Though hidden, the Lady Rainier statue is easy to find. She is right next to the northernmost building of the Old Rainier Brewery complex on Airport Way. A few steps from a parking lot lead you to her feet, which are planted on an orb. Her toes, particularly on the left foot, are the stuff of magic. You can’t stop looking at them. They were undoubtedly shaped by an artist with a foot fetish. Each toenail is lovingly carved. The edge of her dress flows down past her left knee, brushing her ankle; her right thigh, like her left breast, entirely exposed. And while her left hand holds a wreath of leaves on her left hip, her right hand raises not a lowly beer mug, but a high and noble chalice.
When the German-made bronze statue was installed in 1903 in the courtyard of the Seattle Brewing & Malting Company, the company that gave the West Coast endless bottles of Rainier Beer, frothy-looking water overflowed from this cup. The boom town believed in beer that much. Also, this is how the 19th-century German philosopher, and beer lover, G.W.F. Hegel concluded his practically unreadable but still influential masterpiece Phenomenology of Spirit: with a chalice from which the “realm of spirits Foams forth to… infinity.”

The 10-foot statue has not always been in this spot, which is near the point where Stevens Street meets Airport Way. At one time, she made it all the way to the top of the brewery’s building. This was, clearly, the statue’s peak period. That moment of history came to an end in the late 1950s, according to local historian Jean Sherrard. The Lady then moved here and there. Not long after the brewing days came to a close in 1999, the statue was donated to MOHAI. But the museum never claimed her and was even happy when, in 2005, the Georgetown Community Council attempted to relocate her to Oxbow Park, which is home to Hat ‘n’ Boots. But the cost of moving the statue proved to be prohibitive: an estimated $30,000. In fact, the reason why Lady Rainier is still at 3100 Airport Way is that her relocation demands a pretty penny, a fact that others who are interested in claiming the statue for other parts of town, including Columbia City, are discovering.
But why move the Lady? Not only is she here surrounded by leafy trees, which become gloriously gorgeous in autumn, but she has her back to the insane carbon-liberating structure called 1-5 and faces, and toasts (though without frothy fountain water), not only Link trains entering and exiting the tunnel that leads to Beacon Hill Station, but also the Link’s main trainyard. The old statue (one of the oldest in this city) is oriented to the only future that’s possible—the one that transports people not as individuals but gregariously. A car can only be a sorry couch. A train is always the life of a party.

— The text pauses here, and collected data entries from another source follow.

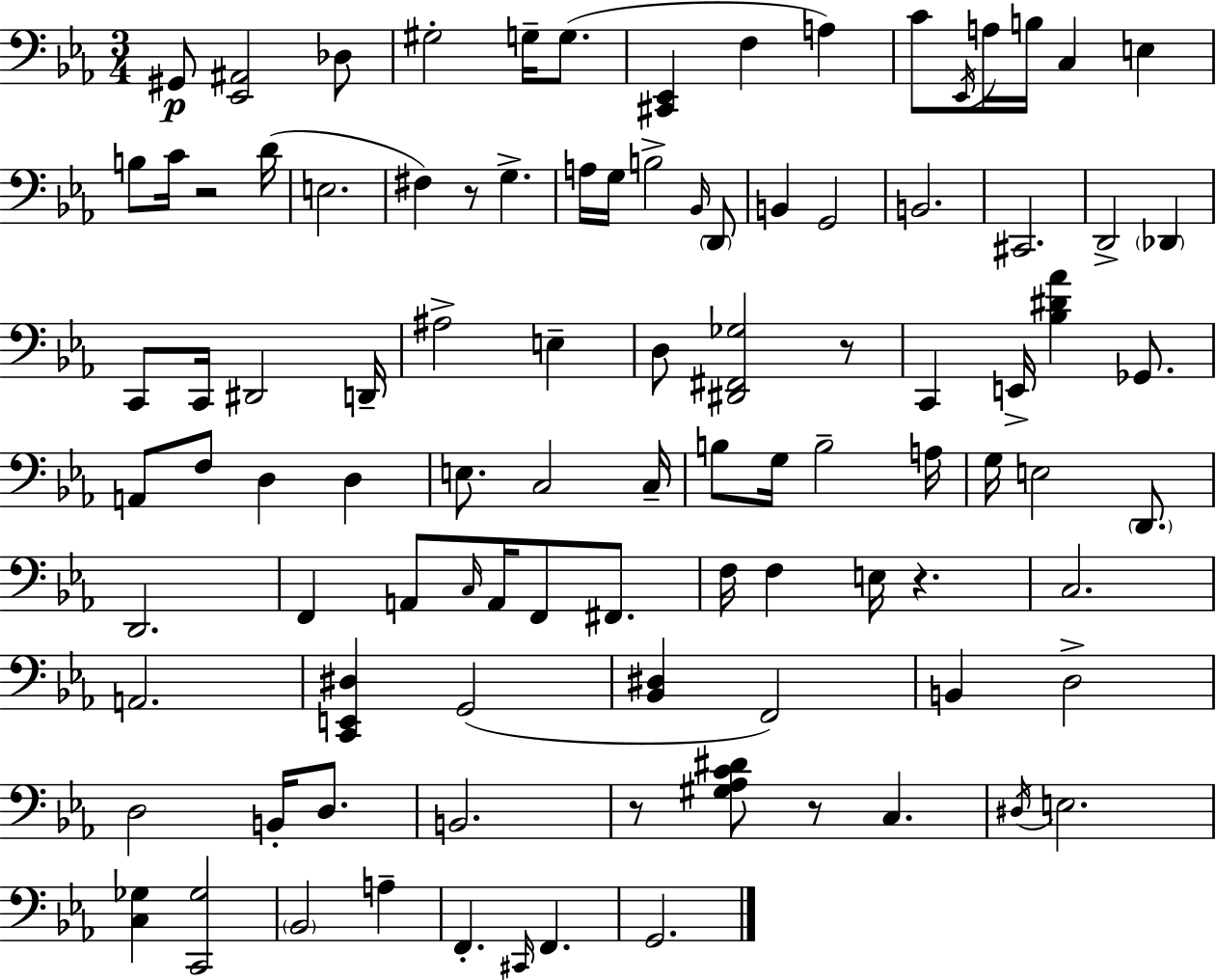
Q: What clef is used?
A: bass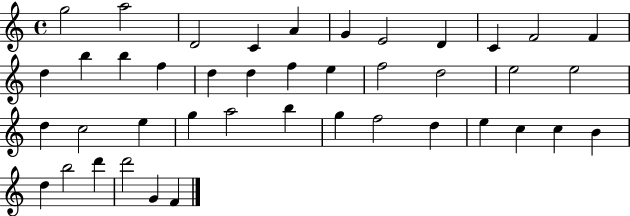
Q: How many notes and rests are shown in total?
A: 42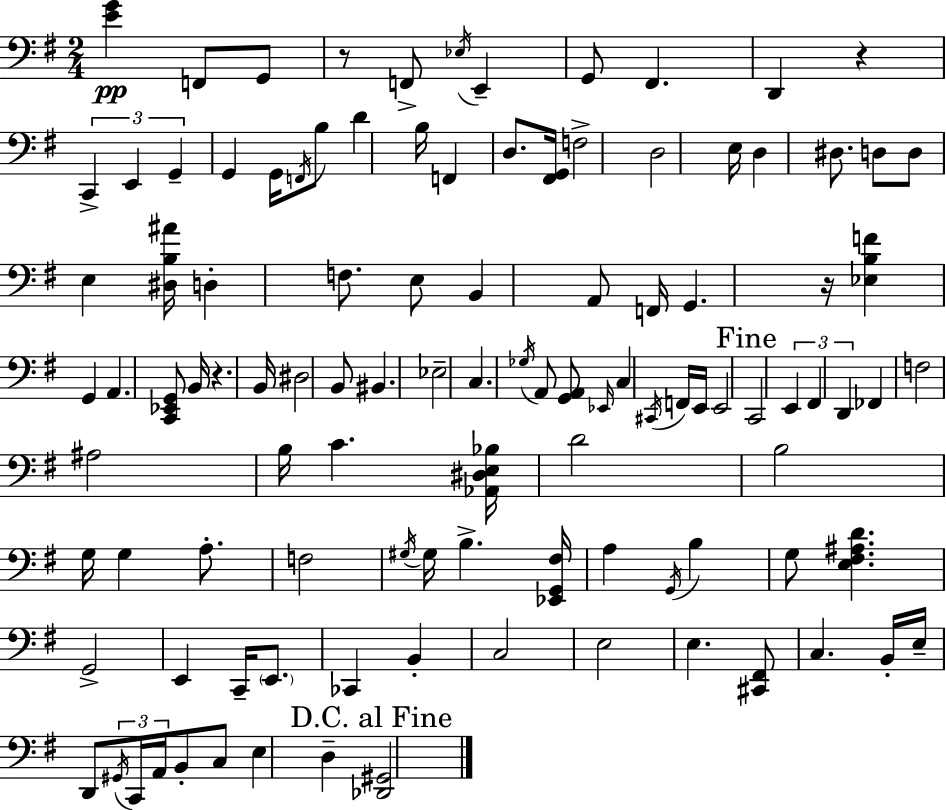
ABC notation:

X:1
T:Untitled
M:2/4
L:1/4
K:Em
[EG] F,,/2 G,,/2 z/2 F,,/2 _E,/4 E,, G,,/2 ^F,, D,, z C,, E,, G,, G,, G,,/4 F,,/4 B,/2 D B,/4 F,, D,/2 [^F,,G,,]/4 F,2 D,2 E,/4 D, ^D,/2 D,/2 D,/2 E, [^D,B,^A]/4 D, F,/2 E,/2 B,, A,,/2 F,,/4 G,, z/4 [_E,B,F] G,, A,, [C,,_E,,G,,]/2 B,,/4 z B,,/4 ^D,2 B,,/2 ^B,, _E,2 C, _G,/4 A,,/2 [G,,A,,]/2 _E,,/4 C, ^C,,/4 F,,/4 E,,/4 E,,2 C,,2 E,, ^F,, D,, _F,, F,2 ^A,2 B,/4 C [_A,,^D,E,_B,]/4 D2 B,2 G,/4 G, A,/2 F,2 ^G,/4 ^G,/4 B, [_E,,G,,^F,]/4 A, G,,/4 B, G,/2 [E,^F,^A,D] G,,2 E,, C,,/4 E,,/2 _C,, B,, C,2 E,2 E, [^C,,^F,,]/2 C, B,,/4 E,/4 D,,/2 ^G,,/4 C,,/4 A,,/4 B,,/2 C,/2 E, D, [_D,,^G,,]2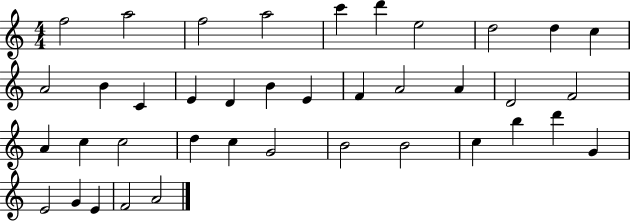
F5/h A5/h F5/h A5/h C6/q D6/q E5/h D5/h D5/q C5/q A4/h B4/q C4/q E4/q D4/q B4/q E4/q F4/q A4/h A4/q D4/h F4/h A4/q C5/q C5/h D5/q C5/q G4/h B4/h B4/h C5/q B5/q D6/q G4/q E4/h G4/q E4/q F4/h A4/h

You can drink as much as you like if you take the train. You can’t do that in a car without putting the lives of other drivers and pedestrians in real danger. What will not be found in the sector of society that involves rapid transportation is a mode that surpasses the freedom enjoyed by the passenger, bus, or light rail. Theirs is the cream of freedom. The individual realized by all of the users and operators of mass transit.

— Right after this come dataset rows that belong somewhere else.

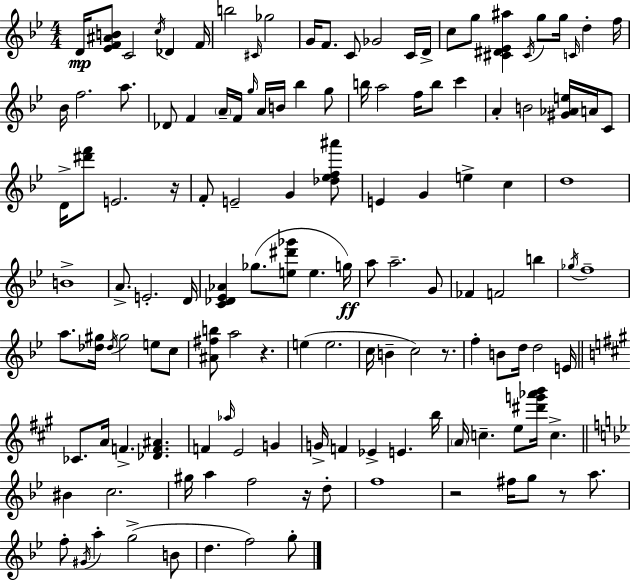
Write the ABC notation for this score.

X:1
T:Untitled
M:4/4
L:1/4
K:Gm
D/4 [_EF^AB]/2 C2 c/4 _D F/4 b2 ^C/4 _g2 G/4 F/2 C/2 _G2 C/4 D/4 c/2 g/2 [^C^D_E^a] ^C/4 g/2 g/4 C/4 d f/4 _B/4 f2 a/2 _D/2 F A/4 F/4 g/4 A/4 B/4 _b g/2 b/4 a2 f/4 b/2 c' A B2 [^G_Ae]/4 A/4 C/2 D/4 [^d'f']/2 E2 z/4 F/2 E2 G [_d_ef^a']/2 E G e c d4 B4 A/2 E2 D/4 [C_D_E_A] _g/2 [e^d'_g']/2 e g/4 a/2 a2 G/2 _F F2 b _g/4 f4 a/2 [_d^g]/4 _d/4 ^g2 e/2 c/2 [^A^fb]/2 a2 z e e2 c/4 B c2 z/2 f B/2 d/4 d2 E/4 _C/2 A/4 F [_DF^A] F _a/4 E2 G G/4 F _E E b/4 A/4 c e/2 [^d'g'_a'b']/4 c ^B c2 ^g/4 a f2 z/4 d/2 f4 z2 ^f/4 g/2 z/2 a/2 f/2 ^G/4 a g2 B/2 d f2 g/2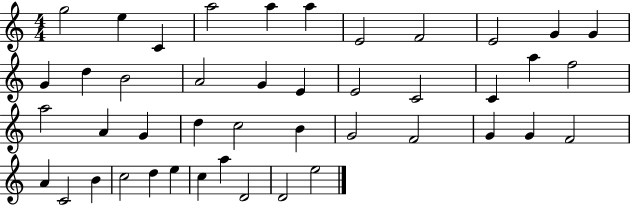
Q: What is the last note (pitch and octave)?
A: E5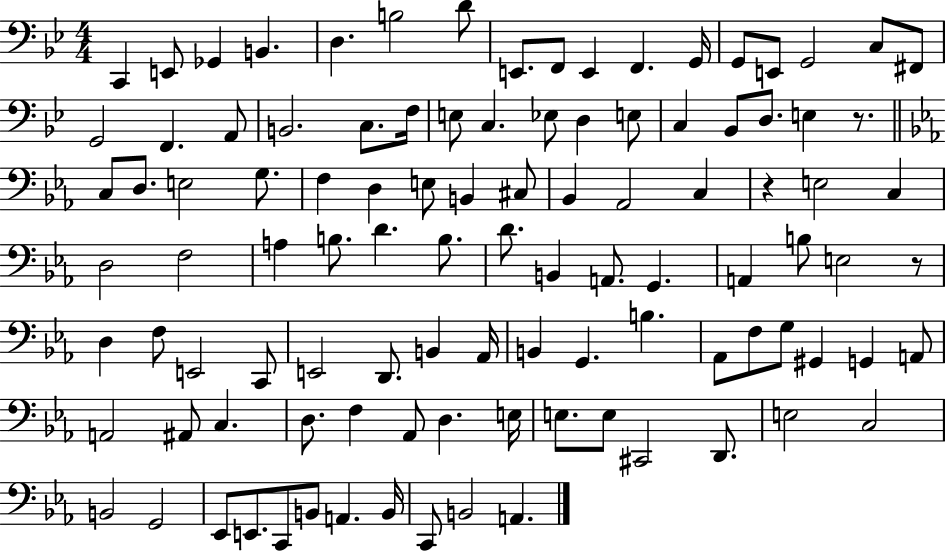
X:1
T:Untitled
M:4/4
L:1/4
K:Bb
C,, E,,/2 _G,, B,, D, B,2 D/2 E,,/2 F,,/2 E,, F,, G,,/4 G,,/2 E,,/2 G,,2 C,/2 ^F,,/2 G,,2 F,, A,,/2 B,,2 C,/2 F,/4 E,/2 C, _E,/2 D, E,/2 C, _B,,/2 D,/2 E, z/2 C,/2 D,/2 E,2 G,/2 F, D, E,/2 B,, ^C,/2 _B,, _A,,2 C, z E,2 C, D,2 F,2 A, B,/2 D B,/2 D/2 B,, A,,/2 G,, A,, B,/2 E,2 z/2 D, F,/2 E,,2 C,,/2 E,,2 D,,/2 B,, _A,,/4 B,, G,, B, _A,,/2 F,/2 G,/2 ^G,, G,, A,,/2 A,,2 ^A,,/2 C, D,/2 F, _A,,/2 D, E,/4 E,/2 E,/2 ^C,,2 D,,/2 E,2 C,2 B,,2 G,,2 _E,,/2 E,,/2 C,,/2 B,,/2 A,, B,,/4 C,,/2 B,,2 A,,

This is our Lady Rainier today. She came to America to sell beer; now she promotes the only future that’s possible, one devoted to renewable sources of energy. And this fact alone shows us that the concept of essence, as determined by the ancient Greek philosophers, is useless to us, the subjects of modernity and plasticity. A change in context, as understood and explicated by the Cuban American philosopher Alicia Juarrero (“context changes everything”), can transform the essence—a real but not sure thing. Lady Rainier was once in the same genus as Starbucks’ mermaid (whose own status is now in question, as the company she represents has turned to what the near future will recognize as raw asset stripping). But the collapse of Seattle’s beer industry at the end of the 20th century meant our Lady was confronted with two possibilities: 1) ending up in the dustbin of history or 2) undergoing a renewal of meaning and cultural function. The accident of her location saved her from the former fate and landed her in the second.

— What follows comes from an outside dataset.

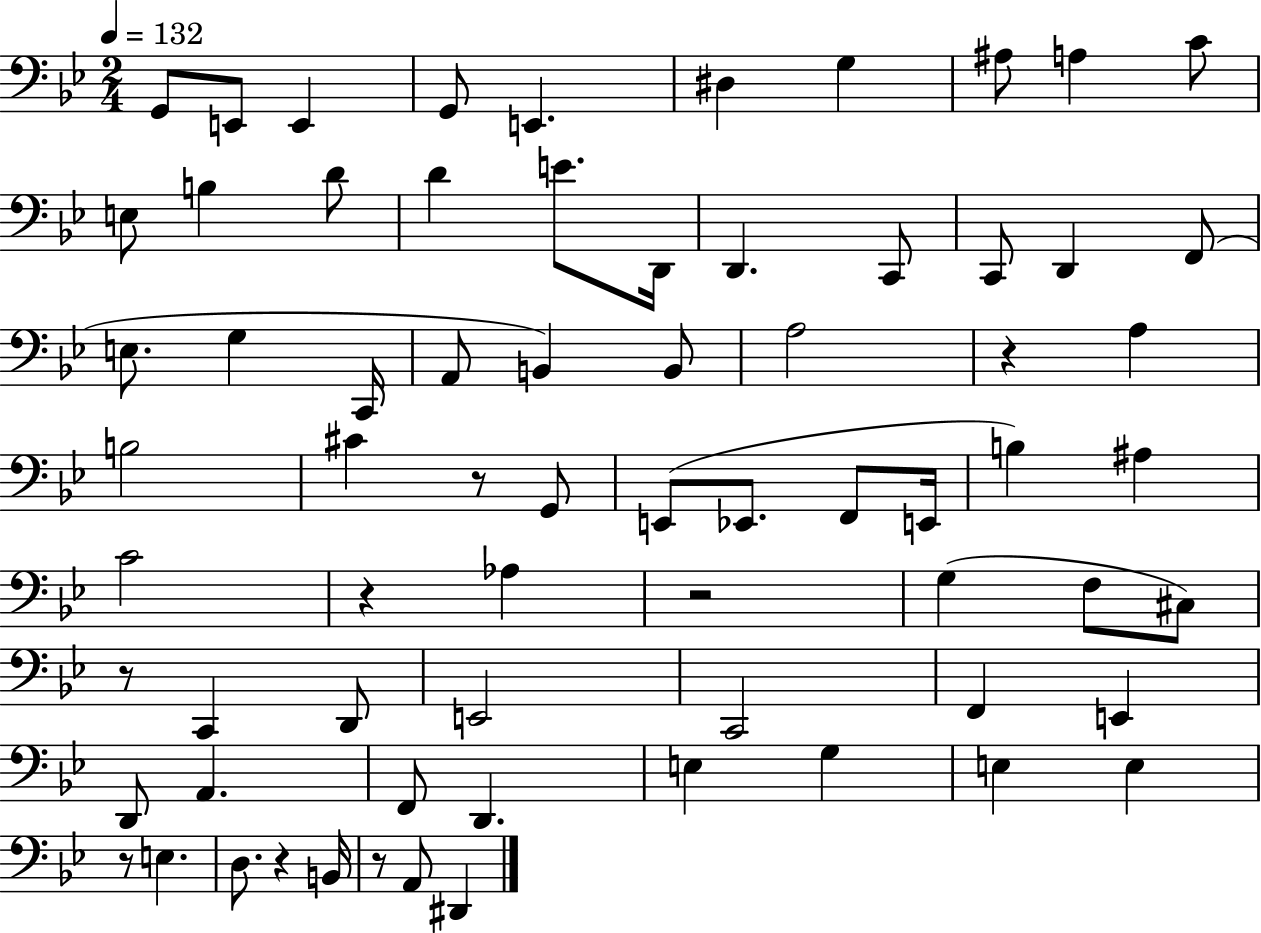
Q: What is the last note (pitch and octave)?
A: D#2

If you are on a Link train, you can see the statue before entering the tunnel, and you see her when exiting it. Either way, she is there just for you. Looking at you. Loving you. Raising a drink to you. The bad traffic behind her is a dinosaur that refuses to believe in its own extinction. But you, Link passenger, are the only game in town. Lady Rainer is now our queen of public transportation. Do not move her.